Block 34/7 was awarded as Production License 089 in 1984, with Saga Petroleum AS as the operator. Participating companies and their current interests in PL 089 are shown in Fig. 2.

The Tordis field was discovered in 1987 by Well 34/712, drilled in the western segment. After the second well, 34/7-14 was drilled in the autumn of 1989 in the southern segment, close to 90% of field's estimated recoverable hydrocarbons were proved. Only the eastern segment remains to be tested.

Both wells encountered oil in the Brent sandstones, the reservoir sandstones of the Tordis field. The reservoir is divided into an upper Brent and a lower Brent unit that are separated by the shale-sand-coal sequence of the Ness formation. Well testing has proven moderate to excellent productivities from the reservoir sandstones.

The aquifer size and degree of aquifer support are uncertain. Therefore, the capability for injecting water needs to be available in case the aquifer influx proves to be insufficient to sustain production.

A total of seven development wells are necessary to drain the field. Of these, five wells are planned to be producers. The other two wells are for water injection.

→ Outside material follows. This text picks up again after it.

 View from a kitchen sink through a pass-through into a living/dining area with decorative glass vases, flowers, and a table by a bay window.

Because of the geometry of the structure, separate upper and lower Brent production wells are required. By injecting water into both zones from the same well, the required number of injection wells will be minimized.

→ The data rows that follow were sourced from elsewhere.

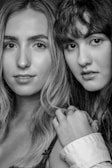 Two individuals are portrayed in close-up, black and white photography. One person has long, light hair while the other has dark hair with a fringe. They are positioned side by side, with the second person slightly behind. Their expressions are calm and neutral, and there are visible accessories such as rings.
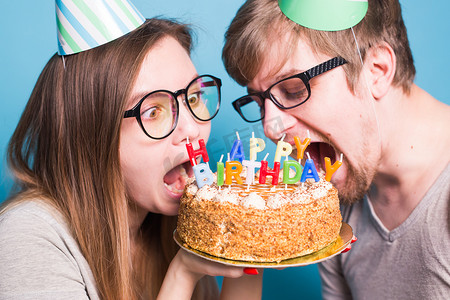 海报祝贺摄影照片_戴着纸帽的怪异年轻夫妇女孩和男孩的特写想咬掉一块祝贺蛋糕。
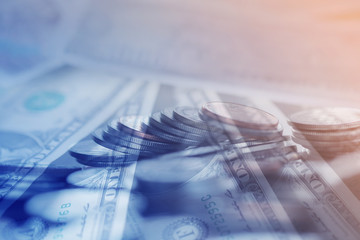 Double exposure Rows of coins of Clock,cash,money, dallar on the table,finance and business concept,Tex time soft focus and blurred style,dark tone.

In the eastern segment the production well will have a horizontal section (Fig. 2).

Production is planned to start in the third quarter of 1994 from two predrilled production wells in the southern and western segment. The other wells will be brought into production by consecutive drilling and completion.

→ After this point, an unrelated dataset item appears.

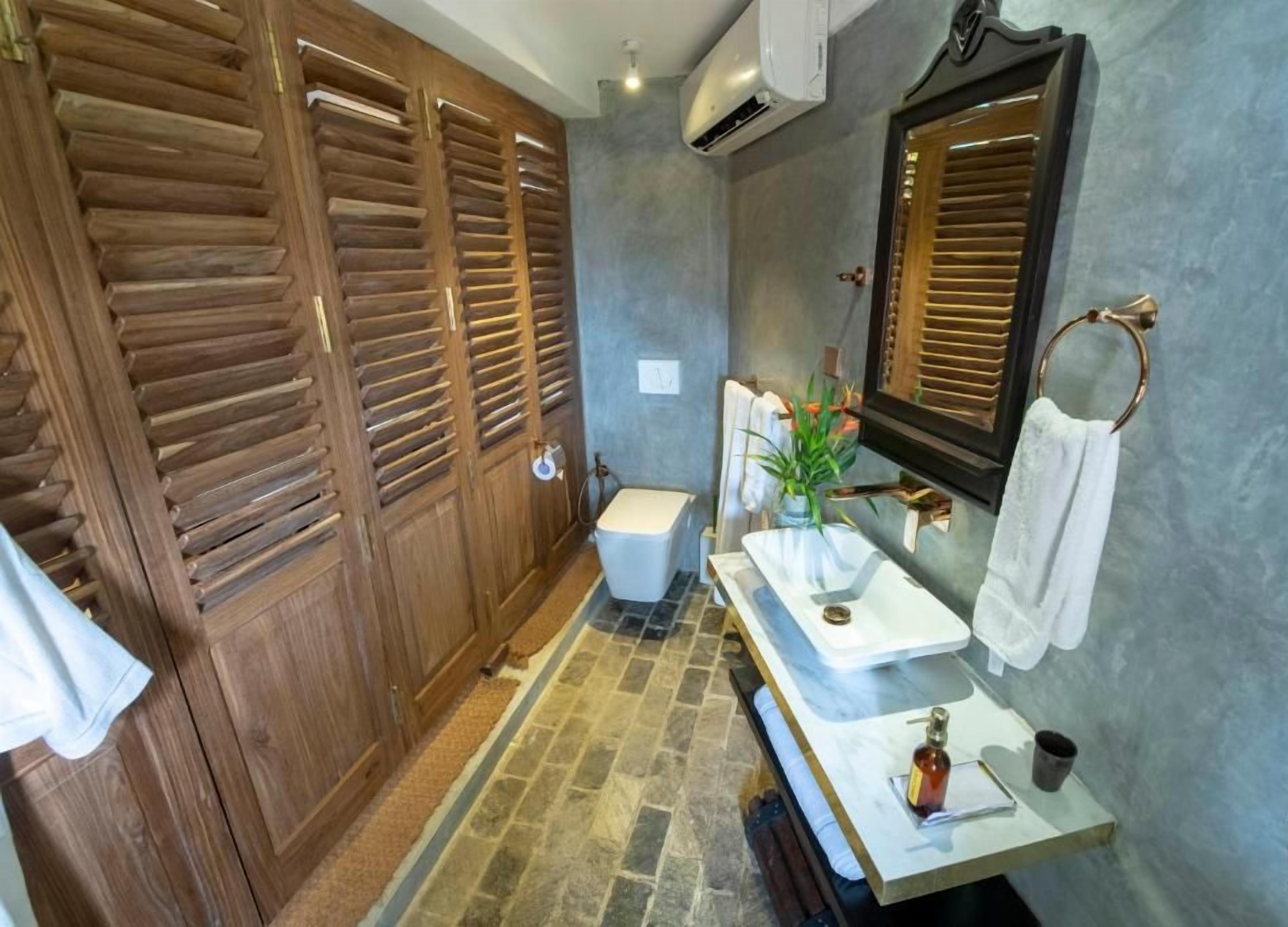 Une salle de bain avec un meuble-lavabo en bois, un lavabo blanc, un miroir et un porte-serviettes.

Because of the expected aquifer support in the area, the water injection wells will be drilled and completed at the end of the drilling program.

The economically recoverable reserves are estimated to be 18 million cu m (113 million bbl). Production rates of individual wells are estimated to be between 2,000 and 4,000 cu m/day (12,600-25,200 b/d).

SUBSEA SYSTEM

Tordis will be developed by a subsea production system comprising of single satellite wells connected to a subsea manifold. The well stream will flow to Gullfaks C from which water will be supplied to the injection wells.

The Tordis subsea production system provides for five (plus two optional) production wells and two (plus one optional) water injection wells. The system is comprised of:

An integrated subsea manifold system for combined production and water injection service.
Satellite well systems and associated completion/ workover equipment
Subsea control and monitoring system
Flow lines and umbilicals, pull in and connection equipment
Remotely operated tool for component maintenance.

Subsea equipment, engineering, construction, and installation are based on field proven concepts and equipment.

Manifold and satellite wells are located in 200 m (656 ft) of water. All equipment is designed to be installed and maintained remotely without diver involvement. Conventional field-proven techniques and vessels are used for equipment handling and maintenance.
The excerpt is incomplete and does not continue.